Have we ever thought that why our wild life creatures have become regular visitors in cities and towns? Why we have become so intolerant to their presence? In fact, we are responsible for their behaviour. Excessive urbanisation, industrialisation and shortage of food have affected the natural habitat of birds and animals.

Excessive pollution has also deteriorated the health of birds and animals. Besides, we have become too selfish and self-centred. I can only request everyone to show compassion for animals and birds who cannot speak but need our help. We have created many dwellings for the poor and destitute, but conveniently ignored the similar facilities for sick, deserted and ailing animals. This population of hungry sick and stray animals have no other alternative left but to come to cities and towns in search of food and shelter. It is wrong to kill a dog or a monkey by terming them carriers of rabies. Have we ever killed an ailing man or a woman? Over-exploitation of forests and bio-diversity should be stopped. We must understand that there is a limited carrying capacity of earth and environment and any attempt to go beyond this capacity is sure to bounce back. The birds and animals are the natural scavengers to check pollution and degeneration of the environment. The UT administration must create a natural habitat and for birds and animals, the green covers and forest areas must not be exploited for commercial purposes. Stray dogs can be sterilised to check their unplanned growth. Residents should contribute by donating food for birds and animals. The UT administration must keep a separate budget for this.

Capt Amar Jeet Kumar

Adopt animals

Since "Gaushalas" are promoted in cities and even in villages, trustees and NGOs need to come forward and adopt stray dogs.

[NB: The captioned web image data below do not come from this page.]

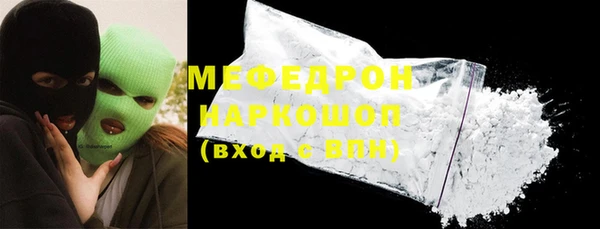 a pvp Абинск
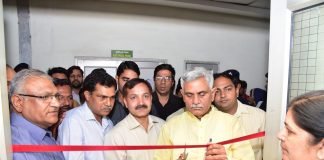 नई सौगात, ब्लड बैंक का उद्घाटन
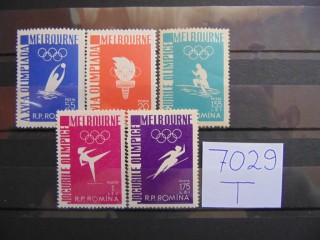 Фото марки Румыния серия 1956г **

Surely need of the hour is to have sterilisation programme by the municipal corporation and I support the views of mercy killing (painless) sodium pentothal injections for suffering dogs.

OP Garg

MC should come forward

I live in Mohali, Phase IV. Till now me or my neighbours have never come across any harshness from these stary dogs. So we have a little sympathetic corner for them. In December, a bitch here gave birth to six little pups and to show that enthusiasm, the kids here made a dog house to protect them from chill. It becomes difficult for them to survive in freezing winter nights. As dogs are said to be the 'guards' of the society, there are some of them, who may be harmful because of their diseases or their biting habits. So this kind of breed should be taken care of by the municipal corporation to protect residents, especially the kids.

Gungeet Kaur

Sterilisation needed

Out of the many ills afflicting Chandigarh, the dog and monkey menace is the gravest. It can be tackled in a phased manner without arousing the ire of animal rights activists like Menaka Gandhi. The sterilisation is the best option, while killing them is unethical unless there is occurrence of a mad dog. Along with this control, there is also urgent need to regulate the rearing of pet puppies. Owners can be seen taking them to parks and let them ease out on the pavements which is disdainful. Let there be directions that the roads, pavements and parks must be kept clean of the shit and owners need be sensitised through concerted campaign, or penalised in case of default.

Gurmit Singh Saini

A separate house must

Since there is no check on the stray dog and monkey menace, the population of dogs and monkeys is increasing by leaps and bounds which is really a nuisance for residents. As a matter of fact, it is not only the stray dogs that create nuisance across the city by littering/defecation in public places, they also cause serious accidents when they stray in the middle of the roads, especially during night and mating season. Apart, there is always a fear of children being bitten. There is a need to check the stray dogs. After catching the stray dogs, these should be kept under protection in separate animal houses. It is certainly a good thing that nobody should be allowed to take dogs out without a leash as the ferocious dogs always pose a danger to residents and children. Animal rights activists have long advocated sterilisation of stray dogs so that their population stays in control. In fact, neutering is prescribed by the Animal Birth Control (Dog) Rules- 2001 under the Prevention of Cruelty to Animals Act of 1960. It is the only legal method of keeping their numbers in check. There are clear guidelines, issued by the SC itself, according to which a dog should be euthanised only if it is rabid, mortally wounded or is incurably ill.

SK Khosla



Xerox it!
Neha Miglani
Tribune News Service

Chandigarh, January 30
Worried about getting a voluminous set of notes photocopied before exam time? For students, who do not mind a strip of advertisement on the bottom of each page, a heavy discount awaits students at all photocopy booths inside six engineering colleges of the city from January 31, Monday.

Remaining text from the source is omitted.